Leave it to a former rockcrit — and a McClatchy employee (the company just cut 10% of its workforce nationally) — to come up with an eloquent essay on the decline of the newspaper industry and the ascension of the Internet.
Online people, myself included, have been saying for years that the Web should be first in news priority, and that journalists shouldn’t think that they work for newsPAPER companies, but instead NEWS companies. Maybe, coming from an august writer like Leonard Pitts, a world-class columnist at the Miami Herald, this idea will start to sink in with those of you who still have ink in your veins.
He sounds like speeches and conversations I heard going on a decade ago, but better late than never, I say:
We still tend to regard our websites as ancillary to our primary mission of producing newspapers. But I submit that our primary mission is to report and comment upon the news and that it is the newspaper itself that has become ancillary.
So maybe we should regard the Internet not as an extra thing we do, but as the core thing we do.
He’s a bit off the mark thinking that websites can charge like newspapers — only the WSJ can get away with that, and they may not keep it up much longer with Rupert Murdoch at the helm.

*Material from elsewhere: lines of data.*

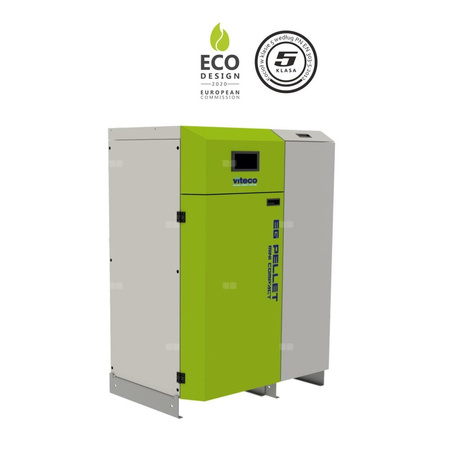 Kocioł na pellet VITECO HEAT EG PELLET MINI COMPACT B G 24 kW z przyłączem c.o. z zasobnikiem o pojemności 188 l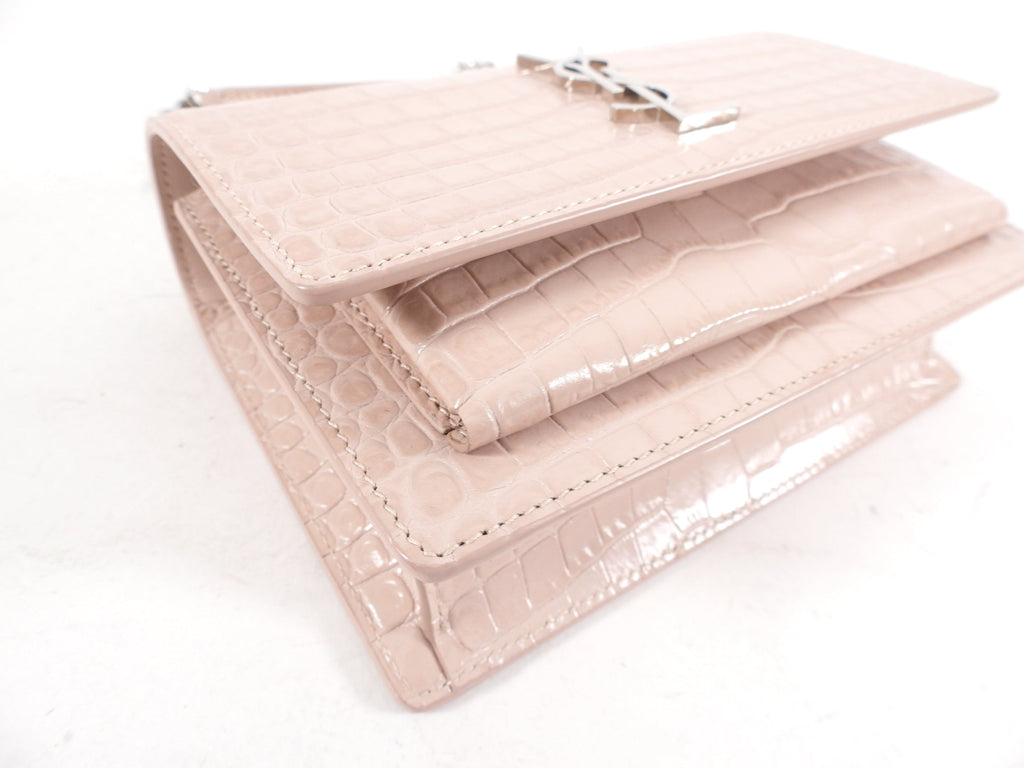 Saint Laurent Pink Croc Embossed Leather Mini Sunset Crossbody Bag
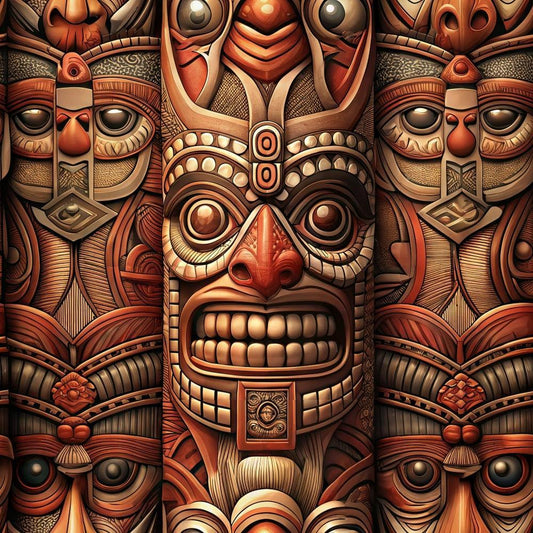 Totem Pole Tribal Figures Pattern 9 Quilting Cotton Fabric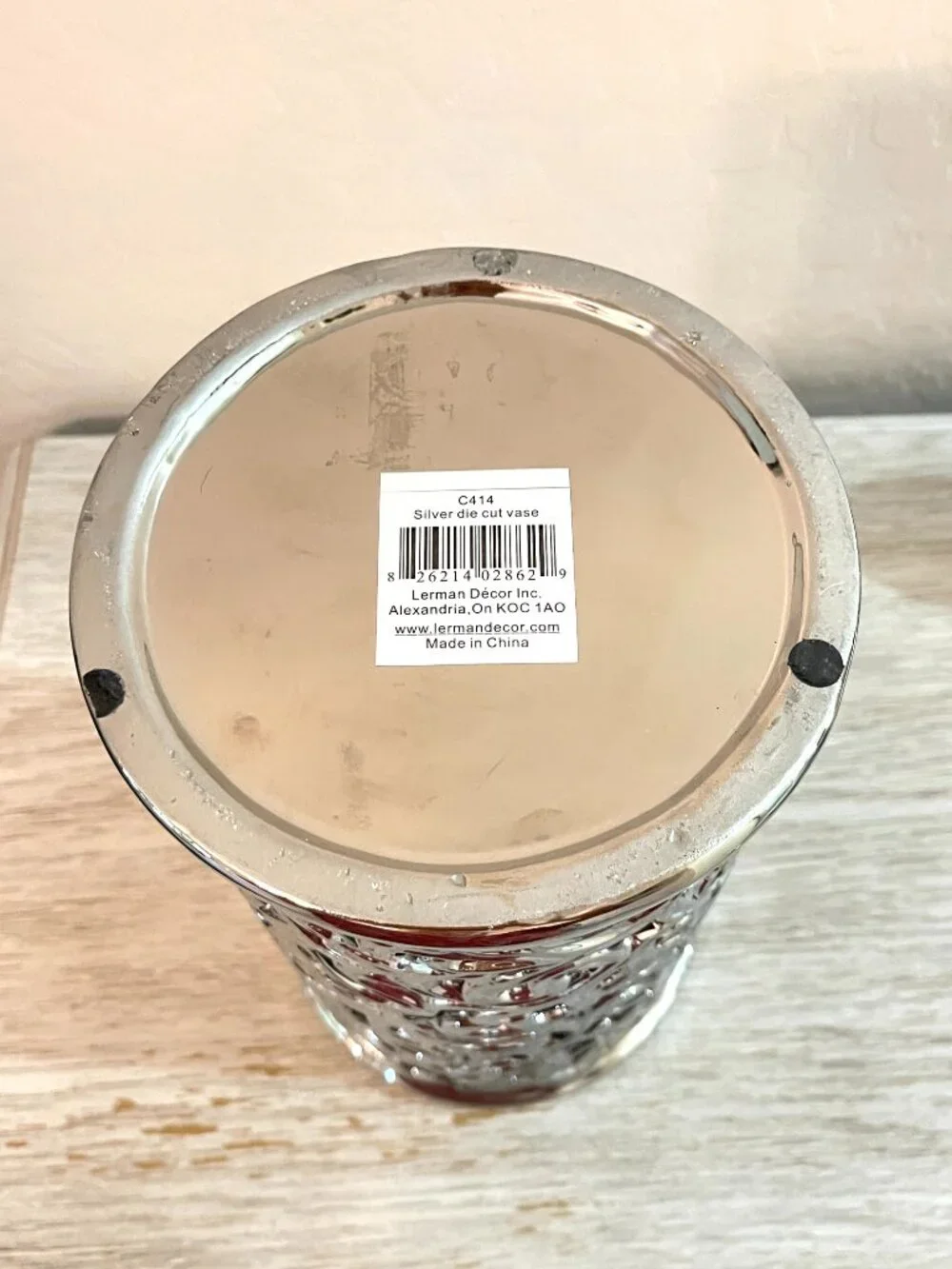 Silver Vase Open Cut Out Open Design Ceramic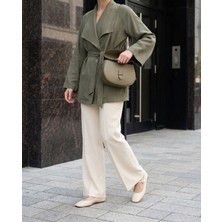 Kadın Kruvaze Yaka Haki  Trençkot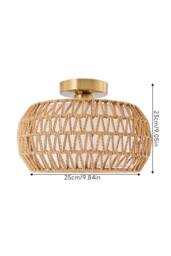 Living and Home Ceiling Light with Rattan and Fabric Double Shades in Natural - thumbnail 8
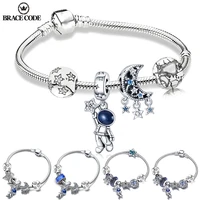 brace code new exquisite bracelet astronaut earth lady jewelry gift silver plated tassel moon star bead men and women bracelets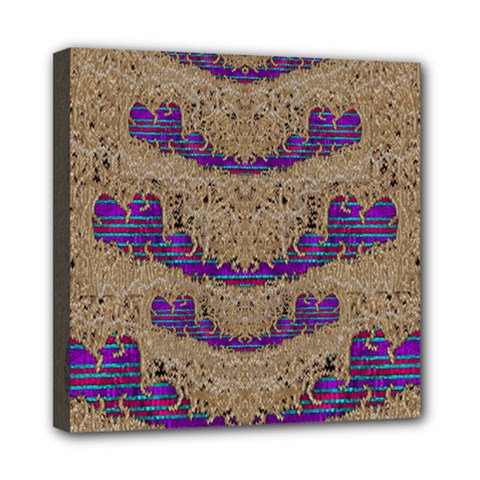 Pearl Lace And Smiles In Peacock Style Mini Canvas 8  X 8  by pepitasart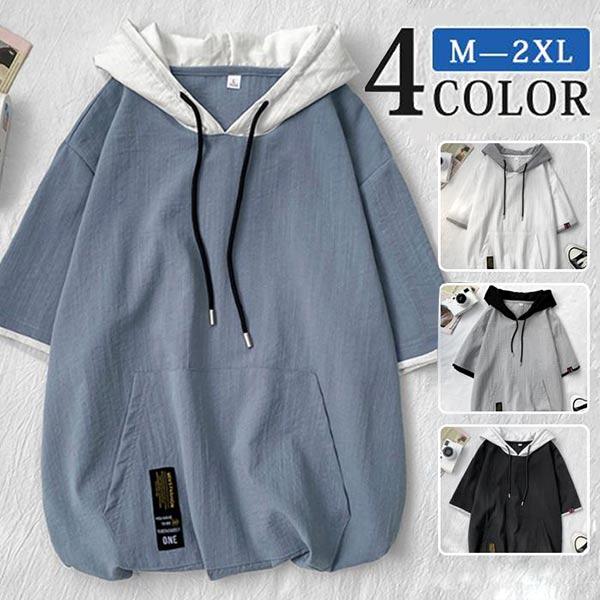 半袖パーカー メンズ パーカー フード付き 韓国風 おしゃれ ポケット 夏 夏パーカー プルオーバー...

People are only willing to pay for a couple of things on the Web, porn first and foremost.
Maybe Pitts hasn’t noticed, but selling the print edition isn’t working either … most newspaper companies find creative ways to give away a lot of copies to keep their numbers afloat, and circulation is still shrinking along with print advertising revenues.
Still, Pitts is more optimistic than Microsoft’s Steven Ballmer, who dropped a bomb a coupla weeks ago when he predicted to the Washington Post that newspapers will be dead and gone in 10 years:
In the next 10 years, the whole world of media, communications and advertising are going to be turned upside down — my opinion.
Here are the premises I have. Number one, there will be no media consumption left in 10 years that is not delivered over an IP network. There will be no newspapers, no magazines that are delivered in paper form.
For the record, I think Ballmer’s being simplistic and obnoxious just to make a point (he’d probably make a good rockcrit, come to think of it).
I give newspapers much longer than a decade, and in fact, I think they might stick around for a long time if they can evolve to suit new audiences and expectations, like Coloradan Dan Pacheco’s two-year project called “printcasting,” which brings a “Web 2.0” approach to print publishing.